--- START ---

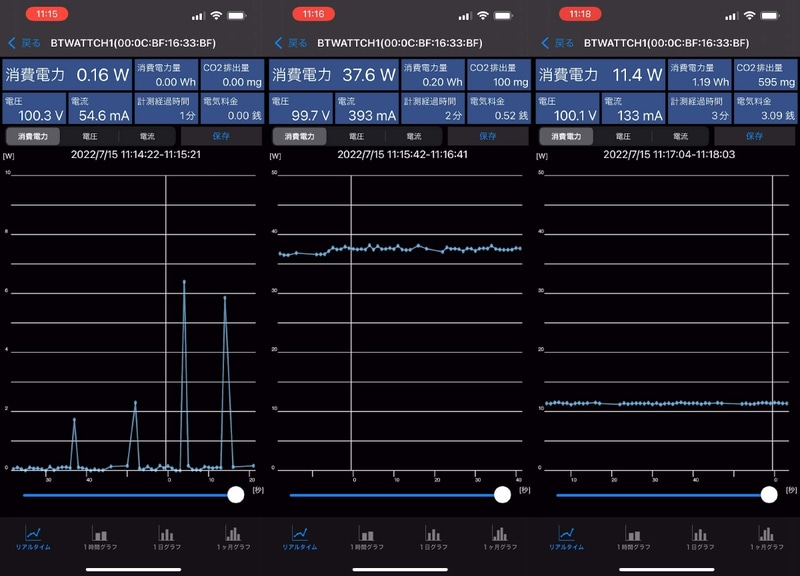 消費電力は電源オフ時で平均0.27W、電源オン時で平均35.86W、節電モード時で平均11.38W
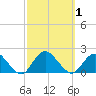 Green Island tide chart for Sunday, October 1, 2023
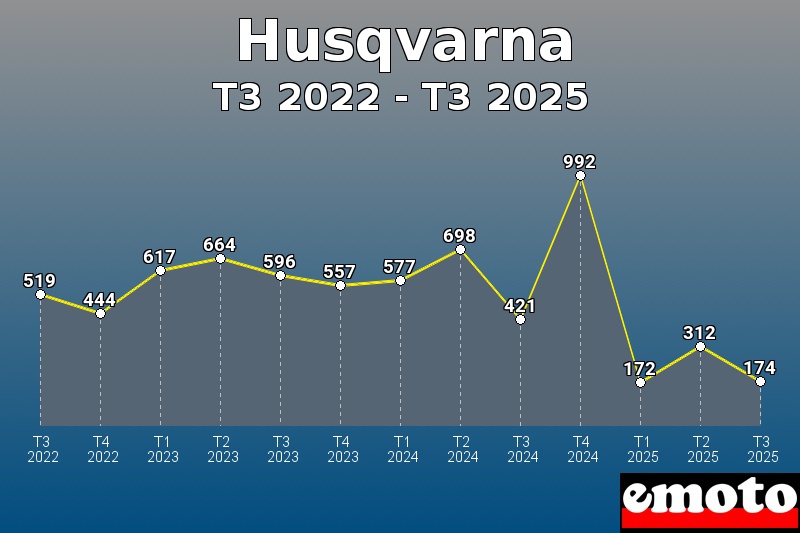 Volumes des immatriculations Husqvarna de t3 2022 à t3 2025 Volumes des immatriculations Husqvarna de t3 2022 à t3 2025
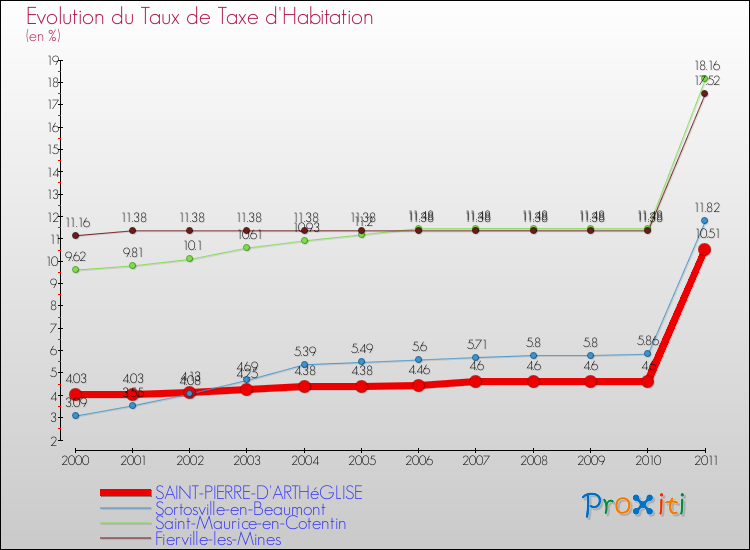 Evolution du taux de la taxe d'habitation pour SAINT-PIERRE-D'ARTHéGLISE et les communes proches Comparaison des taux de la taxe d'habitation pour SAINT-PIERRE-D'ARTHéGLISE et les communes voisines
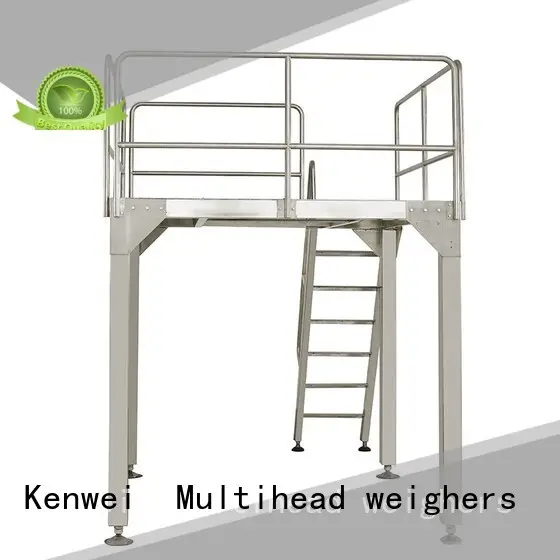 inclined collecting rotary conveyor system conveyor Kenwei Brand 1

--- END ---

Give an exact copy of the line containing "Green Island tide" and every line after it through the end of the entries. Pictures are to be dropped.

▶ [Answer for the task]
 Green Island tide chart for Sunday, October 1, 2023
 Volumes des immatriculations Husqvarna de t3 2022 à t3 2025 Volumes des immatriculations Husqvarna de t3 2022 à t3 2025
 Evolution du taux de la taxe d'habitation pour SAINT-PIERRE-D'ARTHéGLISE et les communes proches Comparaison des taux de la taxe d'habitation pour SAINT-PIERRE-D'ARTHéGLISE et les communes voisines
 inclined collecting rotary conveyor system conveyor Kenwei Brand 1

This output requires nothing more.